Most programs don’t line up your transcript and reject you just because there’s no Honors column lit up. They care about:
- Red flags (fails, professionalism issues, remediation)
- Clear strengths (great letters, strong Step 2 score, research, leadership)
- Fit for specialty (sub-I performance, narrative comments, MSPE)
| Factor | Typical Weight (Big Picture) |
|---|---|
| Fails/remediation | Very High (red flag) |
| Honors in core clerkships | Moderate |
| Narrative comments/MSPE | High |
| Step 2 CK score | Very High |
| Sub-I/Acting Intern evals | Very High |
If you’re all Passes but:
- No failures
- No professionalism write-ups
- Decent or strong Step 2
- Good letters from your chosen field
…you’re not automatically “bad.” You’re in the pile. Just not pre-labeled as a superstar.
The programs that care a ton about Honors in cores are usually:
- Ultra-top-tier academic programs
- Some super competitive specialties (derm, ortho, plastics, integrated surg, etc.)

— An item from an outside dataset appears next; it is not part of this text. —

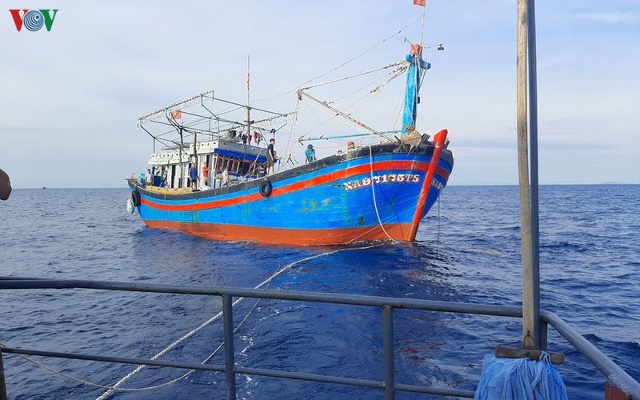 Tàu cá gặp nạn được lai dắt về cảng an toàn.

If you’re aiming for those with all Passes, I won’t sugarcoat it: you’re fighting uphill. Not impossible, but not the default outcome.
But for “good programs” (solid academics, strong clinical training, name people recognize, not just random community shop you’ve never heard of)? Yes, still absolutely on the table.
The Harsh Truth: What All Passes Do and Don’t Mean
You’re probably catastrophizing, so let’s separate your fears from reality.
All Passes DO:
- Make it harder to stand out on paper if lots of your peers have Honors.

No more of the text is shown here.